Tapi pihak berwenang juga semakin memperketat pembatasan terhadap media independen, menangkap jurnalis, aktivis, dan lainnya karena berbicara tentang dugaan peracunan. Teheran sudah sangat membatasi media di tengah gelombang protes anti-pemerintah dalam beberapa bulan terakhir yang dipicu oleh kematian Mahsa Amini yang ditahan oleh polisi moralitas pada September.
Beberapa pejabat Iran mengatakan, protes dan tuduhan peracunan adalah bagian dari konspirasi asing untuk memicu kerusuhan. Video yang diedarkan secara daring menunjukkan para guru memprotes dugaan keracunan di beberapa kota pada Selasa (6/3/2023).
Kementerian Dalam Negeri Iran mengumumkan penangkapan di enam provinsi yang terkait dugaan keracunan. Namun pernyataannya terfokus pada individu yang dituduh membuat video yang dikirim ke media yang bermusuhan dan tiga orang lainnya aktif dalam protes baru-baru ini.

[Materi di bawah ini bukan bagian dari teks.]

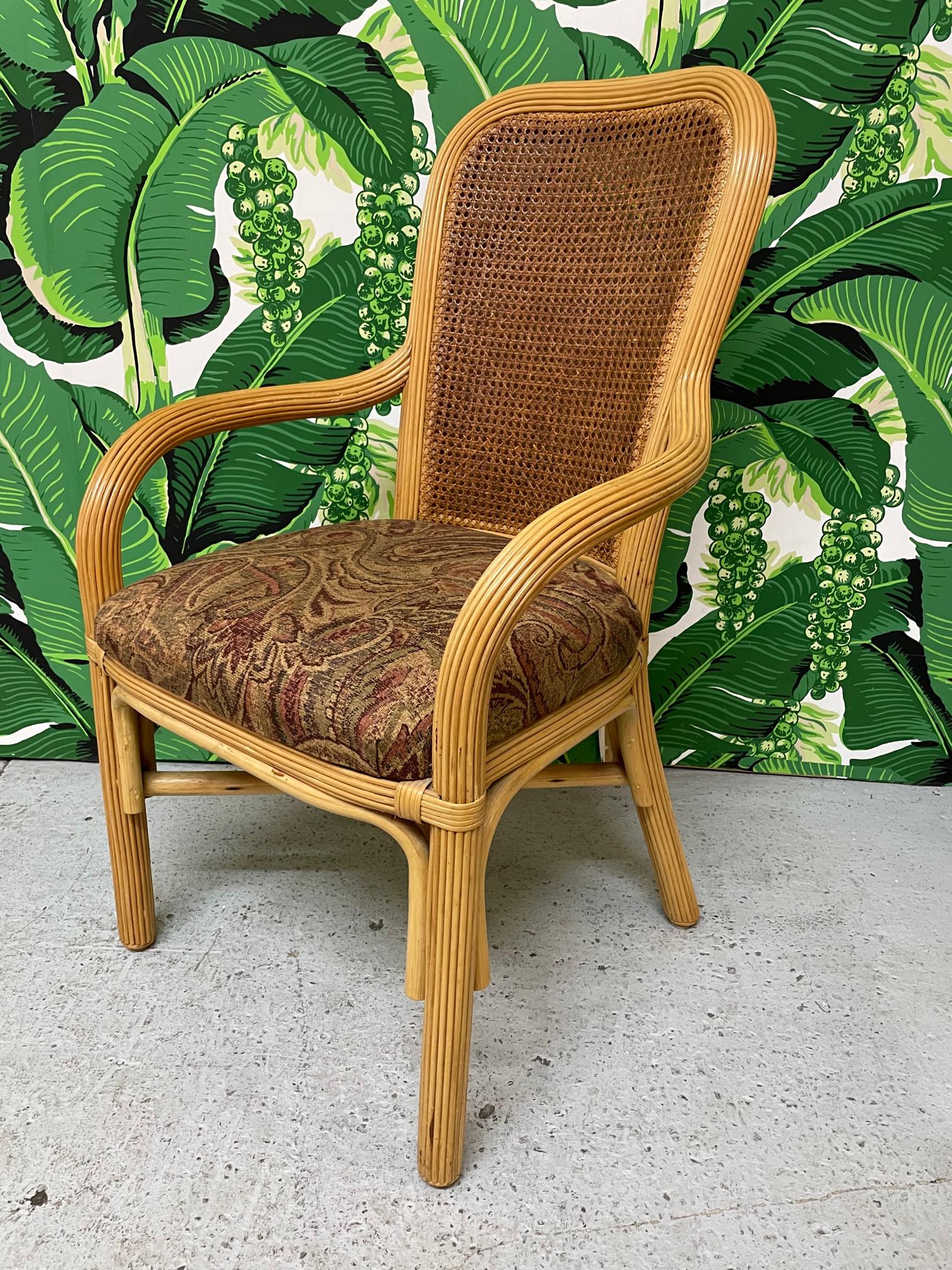 Split Reed Rattan Cane Back Dining Chairs, Set of 6 In Good Condition For Sale In Jacksonville, FL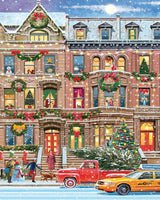 White Mountain Christmas in The City Winter Puzzles 1000 Pieces Jigsaw Puzzle for Adults Grandparents & Children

Iran menggambarkan beberapa dugaan keracunan sebagai episode "histeria". Organisasi Kesehatan Dunia (WHO) mendokumentasikan fenomena serupa di Afghanistan pada 2009 hingga 2012.
Ketika itu ratusan gadis di seluruh negeri mengeluhkan bau aneh dan keracunan. Tidak ada bukti yang ditemukan untuk mendukung kecurigaan tersebut dengan WHO menjelaskan itu tampaknya merupakan “penyakit psikogenik massal”.